GIC-LAC Project: Strengthening national mitigation objectives and opening a path to reduce emissions in agrifood systems in Latin America and the Caribbean (2024-2026).
Background
Latin America and the Caribbean (LAC) face severe climate risks to agriculture and food systems, including increasing temperatures, prolonged droughts, extreme rainfall, and land degradation. These risks threaten crop yields, livestock productivity, soil fertility, and forest ecosystems, thereby exacerbating food insecurity and biodiversity loss. The Agriculture and LULUCF (Agriculture, Forestry, and Other Land Use) sector is a major source of greenhouse gas (GHG) emissions in the region, while also holding high potential for mitigation through improved land management and climate-smart practices.
Nationally Determined Contributions (NDCs), National Adaptation Plans (NAPs), and National Biodiversity Strategies and Action Plans (NBSAPs) in many LAC countries identify agriculture, forests, and land use as priority sectors for both mitigation and adaptation. However, a persistent gap exists national inventories and reporting systems often rely on Tier 1 methodologies with limited country-specific data, constraining the ability of governments to design evidence-based policies and track progress against commitments.
The implementation of the GIC-LAC project directly contributes to the achievement of the Nationally Determined Contributions (NDCs) by strengthening the technical and operational foundation upon which countries quantify and report their emissions in the agriculture and land use sectors. Through the adoption of higher-tier methodologies (Tier 2), the improvement of MRV systems, and the consolidation of national capacities, the project enables greater accuracy, transparency, and consistency in national GHG inventories. This is essential for monitoring progress and adjusting climate actions in line with the targets established in the NDCs and the Enhanced Transparency Framework of the Paris Agreement.
This enables more robust reporting under the Enhanced Transparency Framework (ETF) of the Paris Agreement, directly linking national actions in agriculture and food systems to global climate commitments.
Activities
The project is led by the Alliance of Bioversity International and CIAT and funded through the New Zealand Government's Climate-Smart Agriculture Initiative, as part of its contribution to the Global Research Alliance on Greenhouse Gases in Agriculture (GRA) and CGIAR Climate Action Program and Scaling for Impact Program. It focuses on six Latin American countries, with national reporting gaps in the Agriculture and LULUCF sectors identified ex post through a needs assessment.
Key activities include:
- Capacity building and technical training: Workshops and e-learning tools to strengthen the ability of national experts to move from Tier 1 to Tier 2 reporting in Agriculture and LULUCF sectors.

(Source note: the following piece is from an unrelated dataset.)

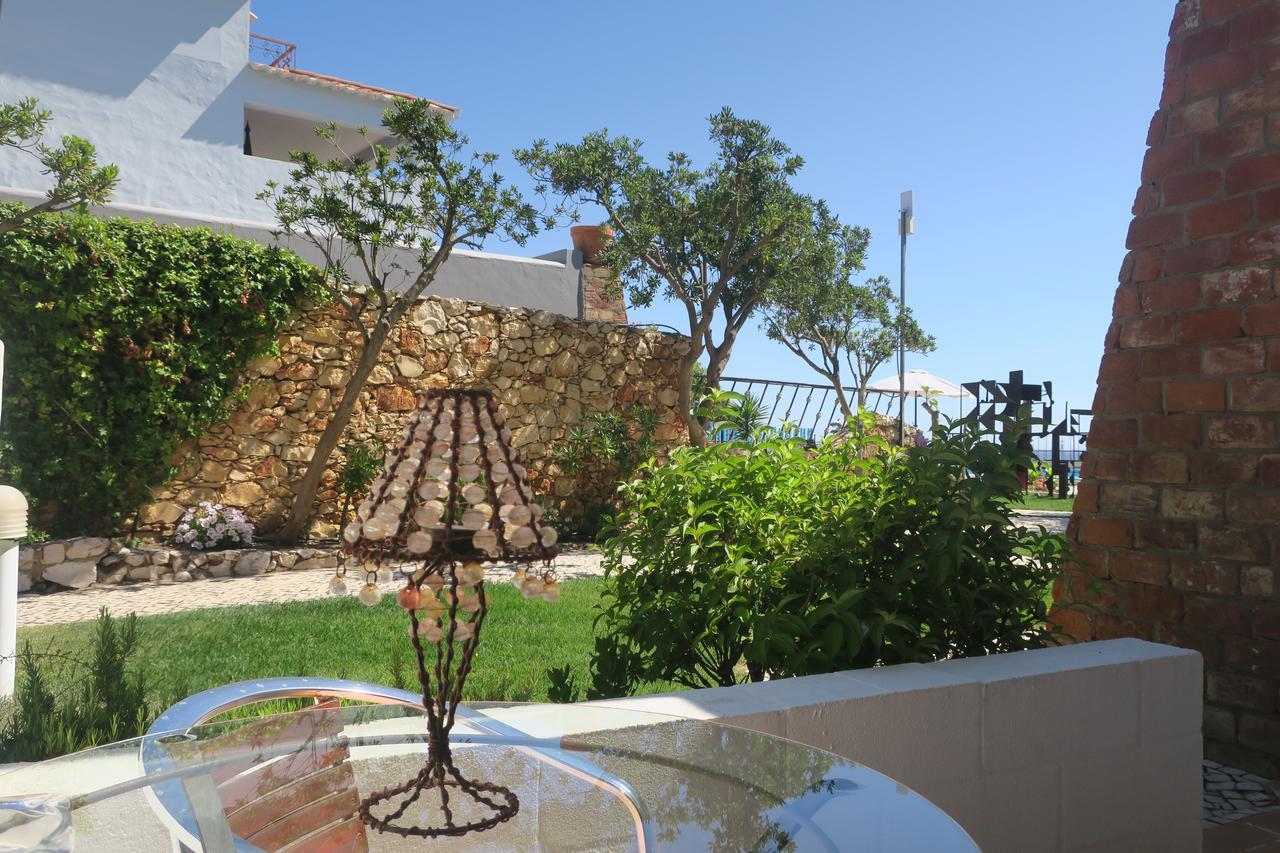 Valmar Villas - Happy Holidays (Adults Only) Lagos Exterior foto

- Development of data systems: Support for compiling, structuring, and standardizing national databases on land use, crops, and livestock.

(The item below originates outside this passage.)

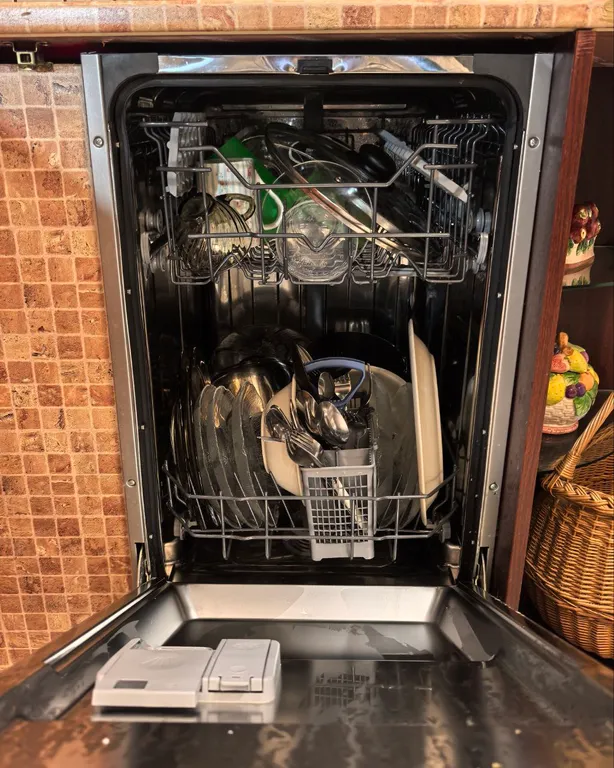 Квартира Апартаменты у моря — Анапа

- Technical assistance: Guidance on identifying emission sources, selecting country-specific emission factors, and applying IPCC methodologies (2006 Guidelines and 2019 Refinement).
- Regional knowledge exchange: Facilitating collaboration among participating countries to share experiences and harmonize approaches. Targeted food system components include crops, livestock, and land use (particularly forestry and soils), with co-benefits for nutrition and resilience by informing more sustainable land and resource management decisions.
Impact
The GIC-LAC project directly supports NDC implementation by:
- Advancing mitigation targets through improving estimates of emissions and removals from agriculture and the LULUCF sector, enabling more accurate accounting of progress.
- Strengthening institutional capacity via training, systematization of data flows, and development of country-specific emission factors.
- Enhancing policy integration by ensuring national climate strategies are supported by reliable, transparent evidence, increasing alignment between agriculture, forestry, and biodiversity policies.
- Regional cooperation that reinforces collective capacity to deliver on global climate and biodiversity goals.